** Data extracts follows **

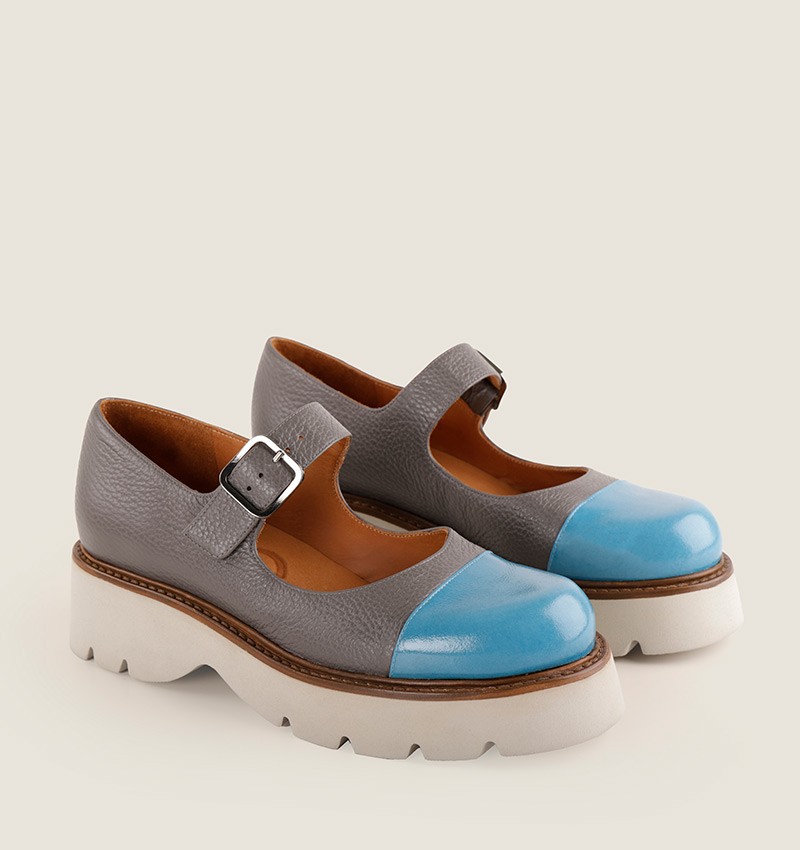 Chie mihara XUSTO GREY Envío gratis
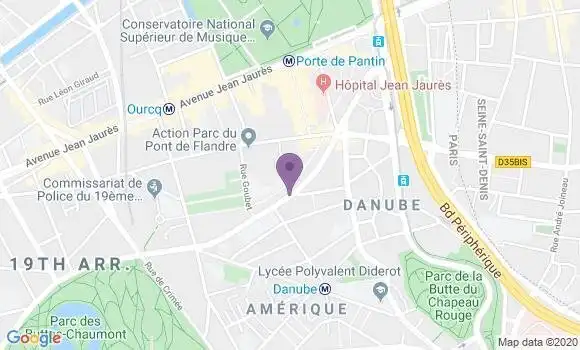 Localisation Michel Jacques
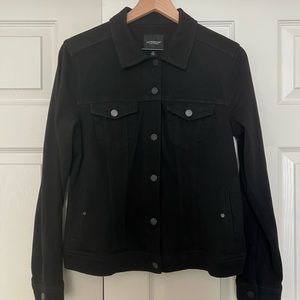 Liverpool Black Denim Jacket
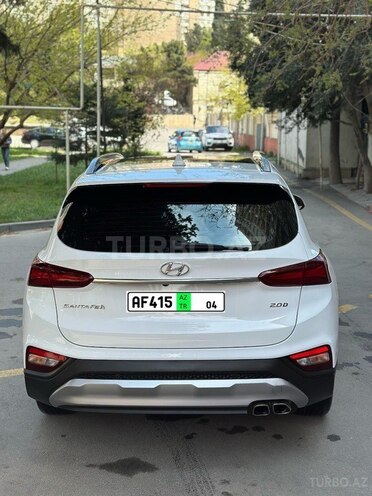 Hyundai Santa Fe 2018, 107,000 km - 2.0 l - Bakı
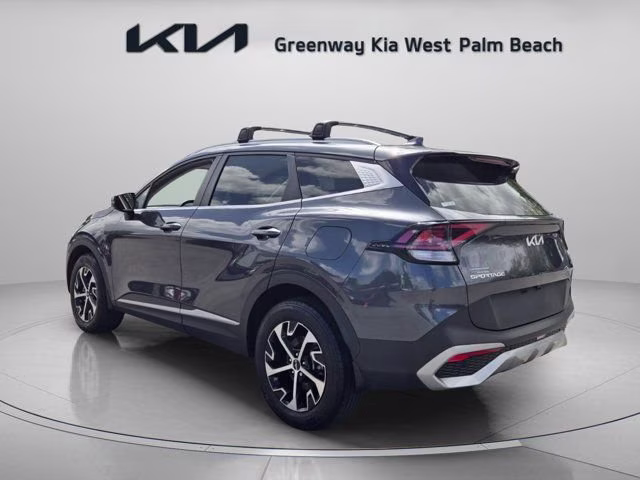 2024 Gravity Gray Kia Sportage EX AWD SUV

** End of Data extracts **
** Data extracts follows **

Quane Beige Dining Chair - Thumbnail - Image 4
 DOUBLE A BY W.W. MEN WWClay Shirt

** End of Data extracts **

What is needed - Using the records above, print exactly the lines between the ones containing "Localisation Michel Jacques" and "2024 Gravity Gray Kia Sportage EX AWD SUV", inclusive, and nothing else; no pictures.

Answer to this task -
 Localisation Michel Jacques
 Liverpool Black Denim Jacket
 Hyundai Santa Fe 2018, 107,000 km - 2.0 l - Bakı
 2024 Gravity Gray Kia Sportage EX AWD SUV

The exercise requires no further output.